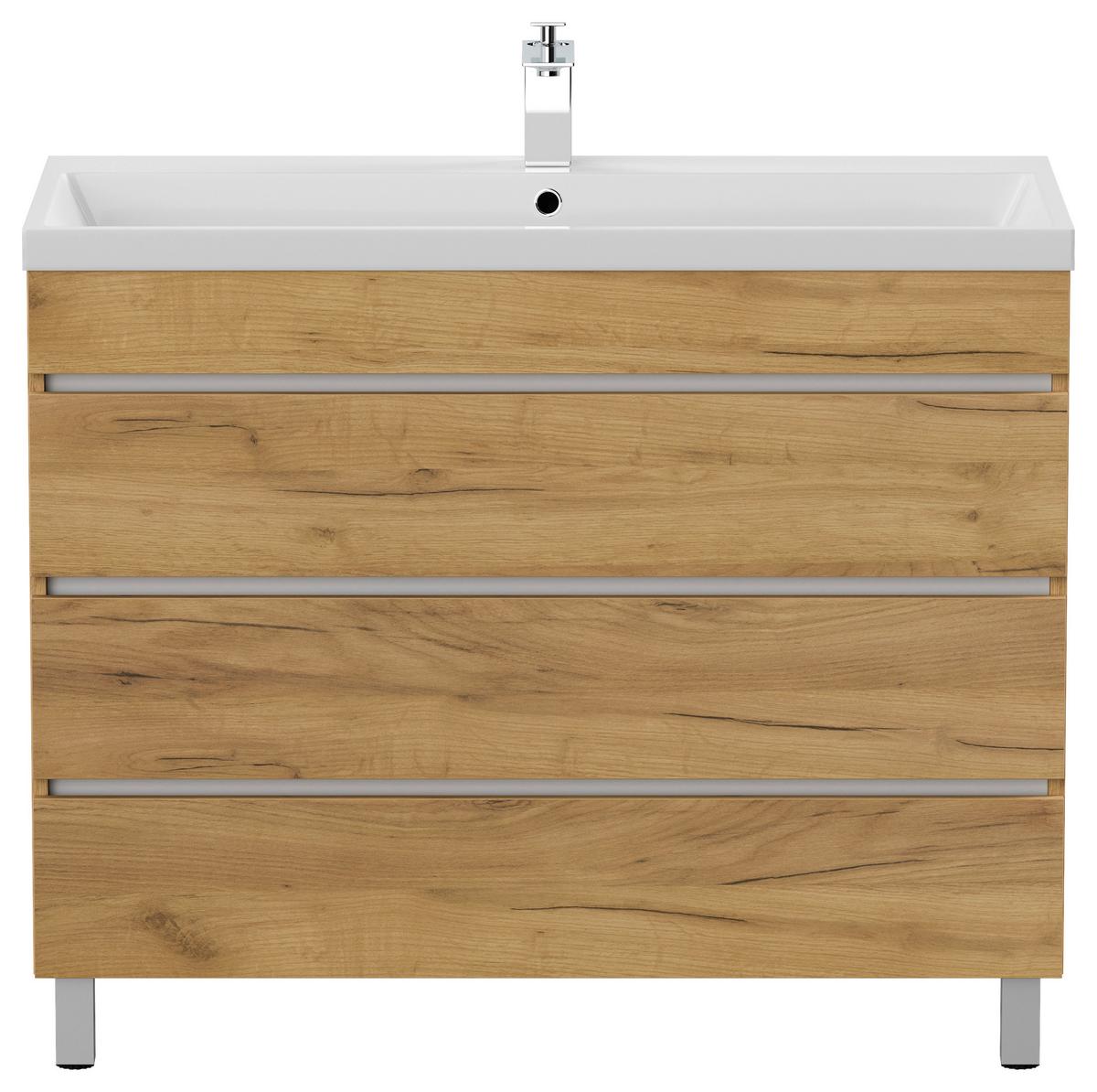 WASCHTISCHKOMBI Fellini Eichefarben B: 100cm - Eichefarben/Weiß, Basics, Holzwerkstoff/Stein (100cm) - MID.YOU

========================================

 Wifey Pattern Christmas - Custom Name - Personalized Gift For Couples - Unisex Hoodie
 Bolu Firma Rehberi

========================================

• Problem requirements: Your task is to retype the entries verbatim, starting with the line that holds "Wifey Pattern Christmas" and stopping after the line that holds "Bolu Firma Rehberi".

• Exercise result:
 Wifey Pattern Christmas - Custom Name - Personalized Gift For Couples - Unisex Hoodie
 Bolu Firma Rehberi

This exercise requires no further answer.